Fulke Johnson Houghton

Personal information
- Born: 9 May 1940 Cheshire, England
- Died: 13 February 2025 (aged 84)
- Occupation: Trainer

Horse racing career
- Sport: Horse racing
- Career wins: 1,200+

Major racing wins
- British Classic Race wins: St Leger (1967, 1968)

Significant horses
- Romulus, Ribocco, Ribero, Ribofilio, Habitat, Rose Bowl, Ile de Bourbon, Double Form, Tout Seul

= Fulke Johnson Houghton =

British racehorse trainer (1940–2025)

Richard Fulke Johnson Houghton (9 May 1940 – 13 February 2025) was a British Thoroughbred racehorse trainer. He trained over 1,200 winners in a career which lasted from 1961 until 2006. The best of his horses included Ribocco, Ribero, Habitat, Rose Bowl, Ile de Bourbon and Double Form.

==Background==
Johnson Houghton was born on 9 May 1940 in Malpas, Cheshire, to the trainer Gordon Johnson Houghton and his wife Helen. He was named after his mother's twin brother Fulke Walwyn. Johnson Houghton was educated at Eton College before working as an assistant trainer in Britain and France. When Gordon Johnson Houghton died in 1952 Helen took over the Woodway stable at Blewbury in Berkshire but under Jockey Club rules, women were not allowed to hold a training licence. She therefore managed the yard through assistants including Charles Jerdein and Peter Walwyn. When Walwyn set up his own stable in 1961 the 20-year-old Fulke, then working on a cattle farm in Australia, was recalled to England to take over the licence at Woodway.

==Training career==
At the start of his career, Johnson Houghton was the youngest licensed trainer in Britain. His first major patron was the American businessman Charles Engelhard for whom he trained in the 1960s. In the second year of his training career, he sent out Engelhard's colt Romulus to win the Greenham Stakes, Sussex Stakes and Queen Elizabeth II Stakes. Later in the decade he had further success for Englehard as he trained the brothers Ribocco, Ribero and Ribofilio. The first two both won the Irish Derby and the St Leger whilst Ribofilio won the Dewhurst Stakes before running badly when favourite for the 1969 2000 Guineas: Johnson Houghton maintained that the horse had been "got at" and doped before the race. In the same year Johnson Houghton won a series of top mile races with Habitat.
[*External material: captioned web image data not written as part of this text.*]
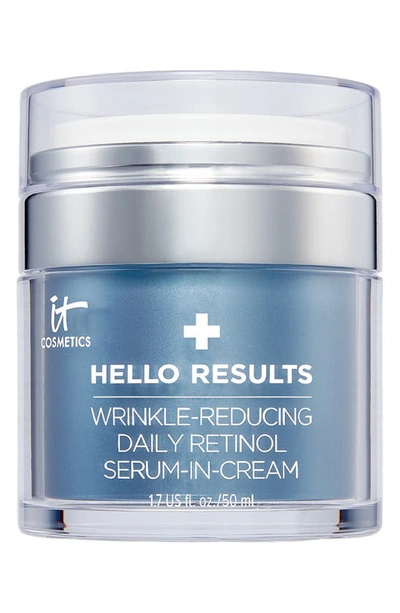 It Cosmetics Hello Results Wrinkle-reducing Daily Retinol Serum-in-cream 1.7 oz/ 50 ml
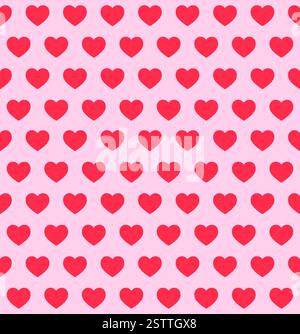 Infinity Hearts, texture de motif sans couture Illustration de Vecteur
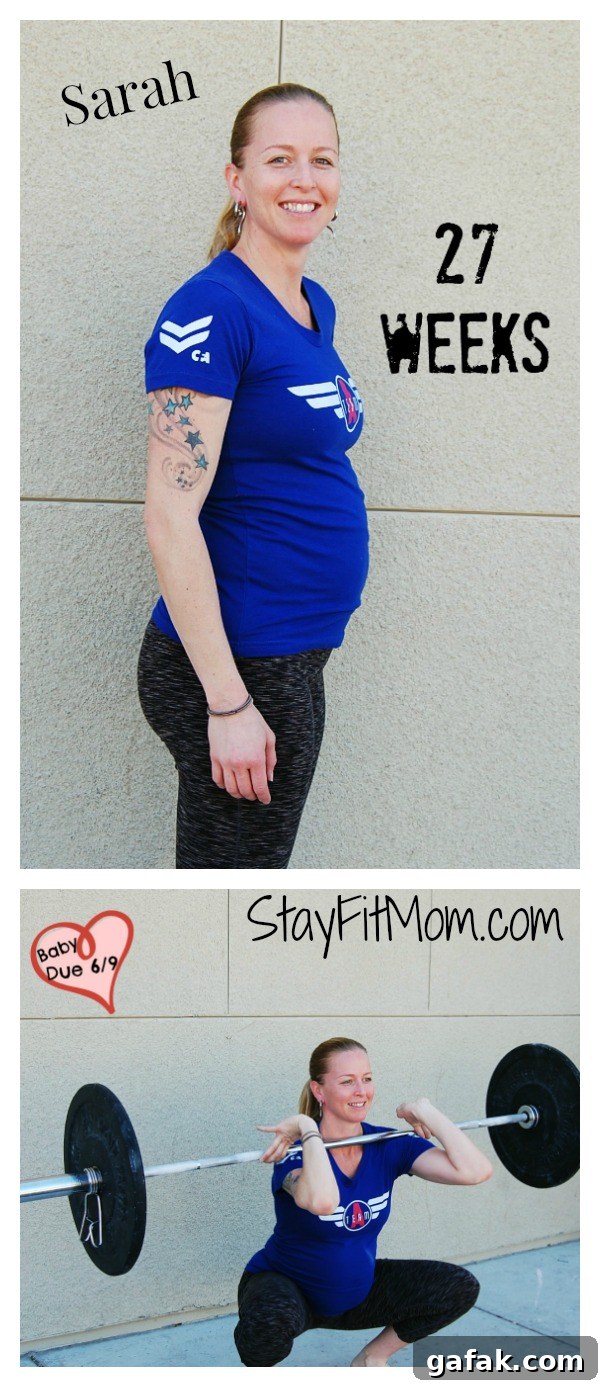 Sarah shares her CrossFit pregnant experience.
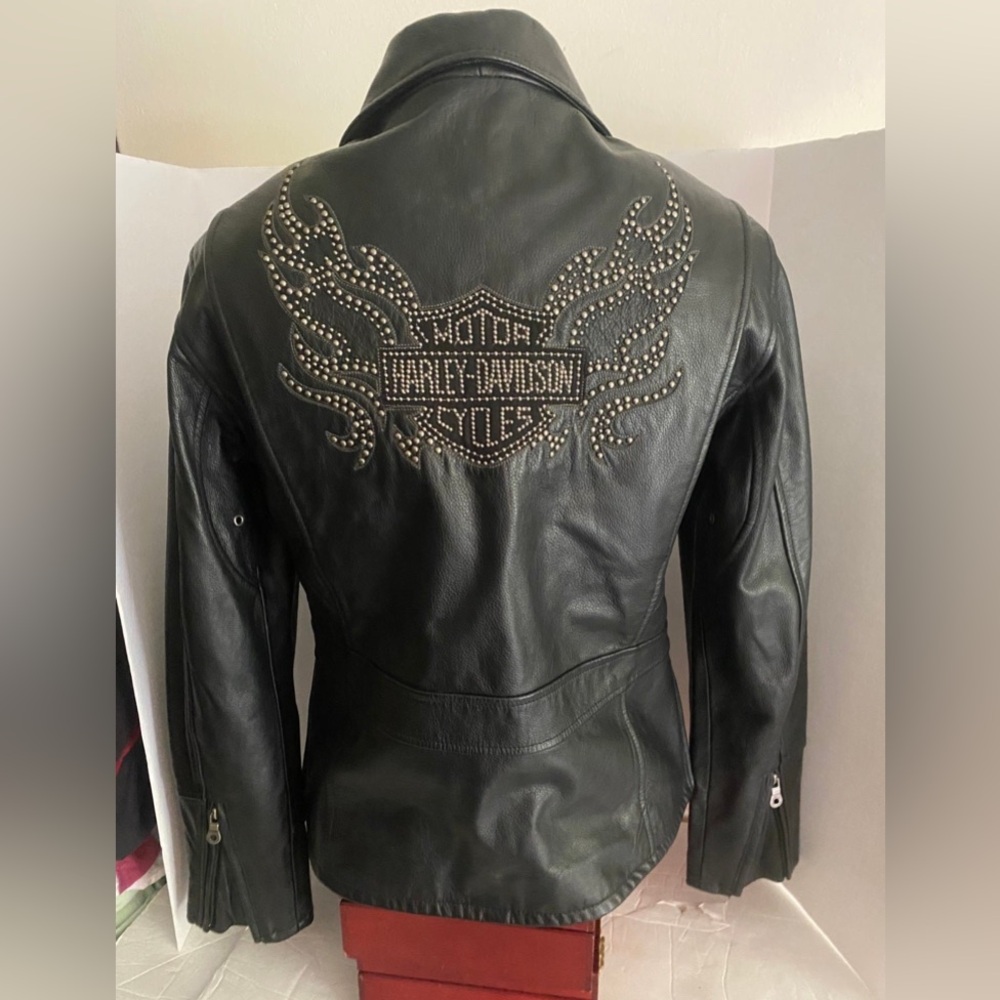 Harley Davidson Ladies Studded Gorgeous Leather Jacket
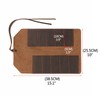 Tourbon Full Leather Knife Roll Carving Tool Organizer Craft Carrier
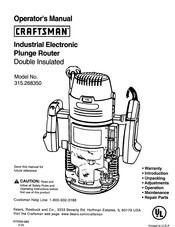 Crafstman 315.268350 Manual Del Operador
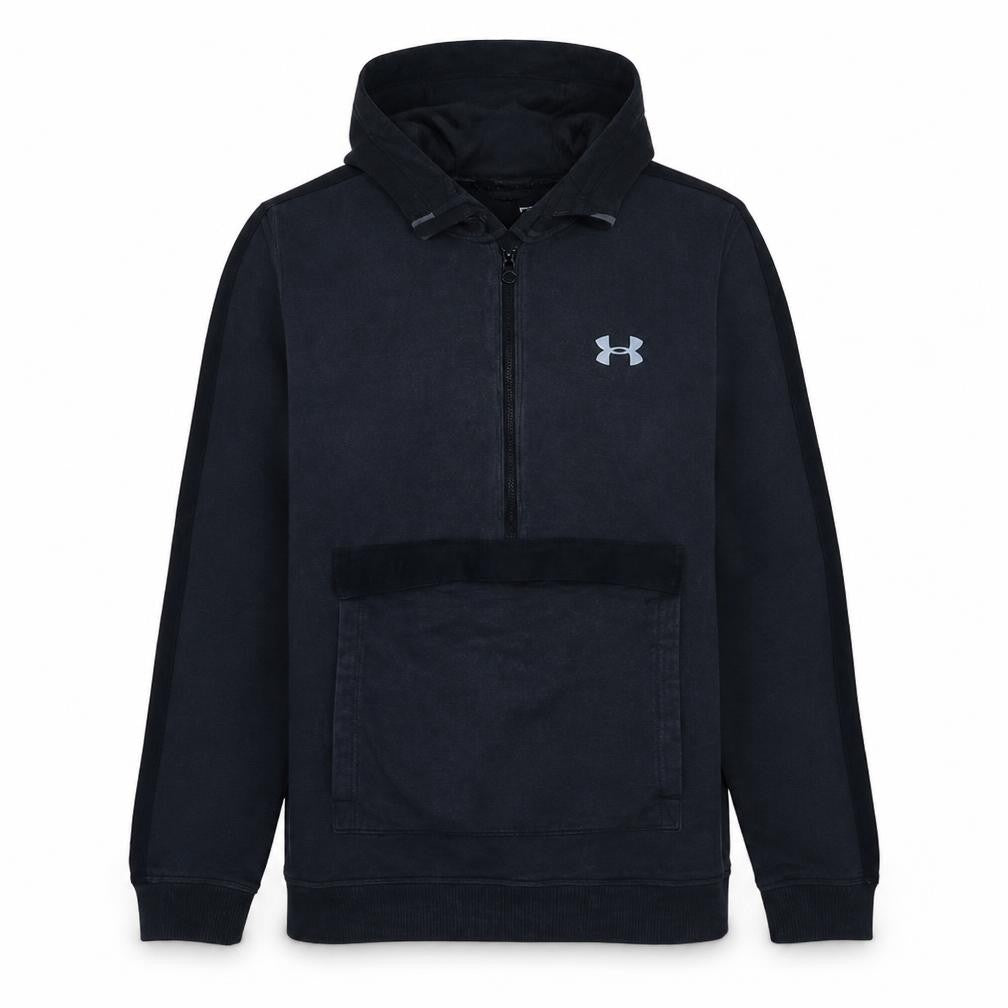 Under Armour Men's Black Small 1/2 Zip Fleece Sports Hoodie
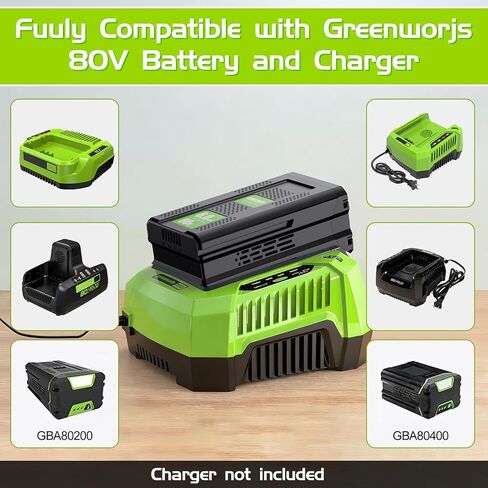 POWTREE Upgraded 6.0Ah Lithium Replacement for Greenworks 80V Battery PRO Compatible with Greenworks 80 Volt Max Battery GBA80200 GBA80300 GBA80400 GBA80500 GBA80250 Power Tools (Not for Kobalt) in Kuwait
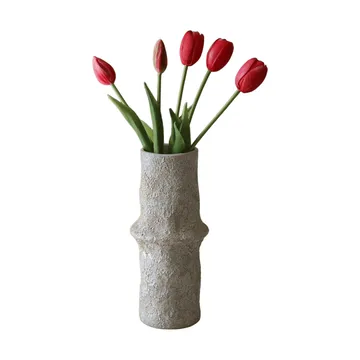 Künstliches Tulpen-Bouquet - Hellrot, 5 Stk. - Botané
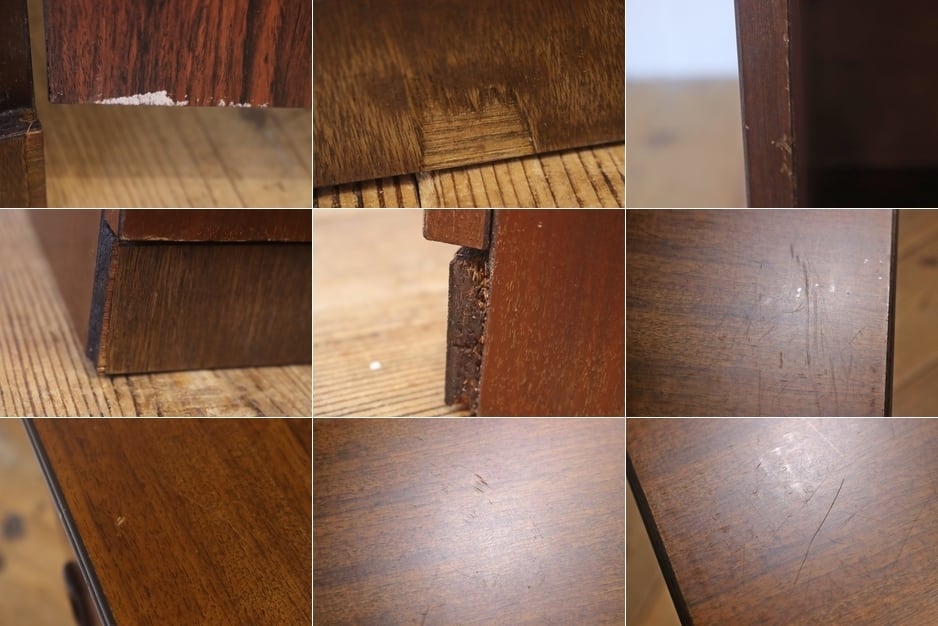 ヴィンテージ レコードラック キャビネット ケース 収納 仕切り 木製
In the 1970s Johnson Houghton trained the leading sprinters Parsimony (July Cup, Cork and Orrery Stakes) and Double Form as well as the outstanding racemare Rose Bowl. In 1977 he narrowly failed to win The Derby when Hot Grove was beaten in a photo finish by The Minstrel. In the following year Johnson Houghton sent out Ile de Bourbon to record an upset victory in the King George VI and Queen Elizabeth Stakes.

Johnson Houghton had less success in the later half of his career but he continued to train some good horses. He won the Cork and Orrery Stakes with Posada in 1988 and trained Ruling to finish third in two editions of the Champion Hurdle. His last top-class performer was Tout Seul who won the Dewhurst Stakes in 2002.

Johnson Houghton announced his retirement in 2006 after a 45-year training career which saw him win over 1,200 races.

==Personal life and death==
Johnson Houghton married Gaie Goldsmith, the daughter of trainer John Goldsmith. His daughter Eve took over his stable on his retirement. He died on 13 February 2025, at the age of 84.